MARINE CORPS BASE CAMP LEJEUNE, N.C. --
It all happened so fast. As the point man rounded the corner, an improvised explosive device detonated right in front of him. Within seconds, he was hit in the thigh from enemy fire coming from a building nearby, and a villager close by had both his legs blown off. Now came the moment of truth. The squad leader from 1st Battalion, 8th Marine Regiment, 2nd Marine Division, had to make a decision – and fast. Would he go in and rescue the wounded civilian, return fire, assault the building or retreat to a safer location?
Such was the scenario a squad of Marines from 3rd Bn., 8th Marines encountered when they went through the new Infantry Immersion Trainer, aboard Marine Corps Base Camp Lejeune, today.
The personnel in charge of the Infantry Immersion Trainer wanted to show commanders, many of who were in charge of infantry units, what the ITT was capable of and the benefits it had for squad leaders.
“Company commanders go through a lot of training and instruction prior to being in charge of a company,” said Vince Soto, site lead of IIT. “Now fast-forward to (Operation Enduring Freedom) and what we have is a squad leader doing the same functions that that company commander did with a fraction of the training. Now you have a squad leader out there making decisions at a tactical level that could have implications on a strategic and operational level, without the education and training that we’ve provided for our captains.
What the IIT is designed to do is allow that squad leader to take everything he has at his disposal, put it into training and conduct offensive and defensive operations in a counter insurgency environment before he goes to Mojave Viper at Marine Corps Air Ground Combat Center Twentynine Palms, Calif., and then into a deployed environment.
“The focus of Mojave Viper training is at the battalion and regimental level,” said Soto. “So the focus of the squad leader is kind of (missing). This is the last place he will get to solely focus on the squad leader to do his job with all his enablers and it will be part of their pre-deployment training in the late Block Two early Block Three area.”

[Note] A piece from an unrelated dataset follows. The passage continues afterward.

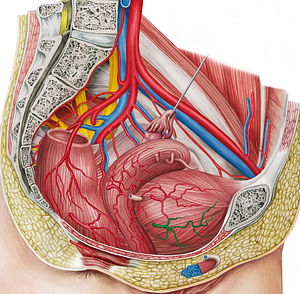 Right inferior vesical artery (#1980)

The ITT contains both simulators and live Afghan role-players, who are brought in from California to act out villager and insurgent roles. It is an active village, complete with smells of spices, meat and dust.
While the ITT is new to MCB Camp Lejeune, it is not new to the Marine Corps. Marine Corps Base Camp Pendleton was the first base to have an IIT where squad leaders could hone their skills. Marine Corps Base Camp Lejeune took the best of Camp Pendleton’s indoor and outdoor trainers and combined it into one state-of-the-art facility.
“This training is vital to the tactical success of a squad in combat whether they’re in a conventional or counter insurgency environment,” said Soto. “These Marines can and do have an influence and their decisions that can impact war.”
Scenarios for the ITT are limitless. Although some scenarios can be similar, it is the decisions that the squad leaders make that turn each training event into its own unique scenario. After a run-through, the Marines can get instantaneous feedback from the enemy and friendly perspective, as well as anything Soto’s men see the Marines can improve on.
“This is very, very close to a deployed environment minus the actual rounds flying,” said Soto. “Here, we can replicate sounds, smell, sight and culture. If I want, I can make an (improvised explosive device) area smell like freshly turned dirt. It’s the best training available for any squad leader.”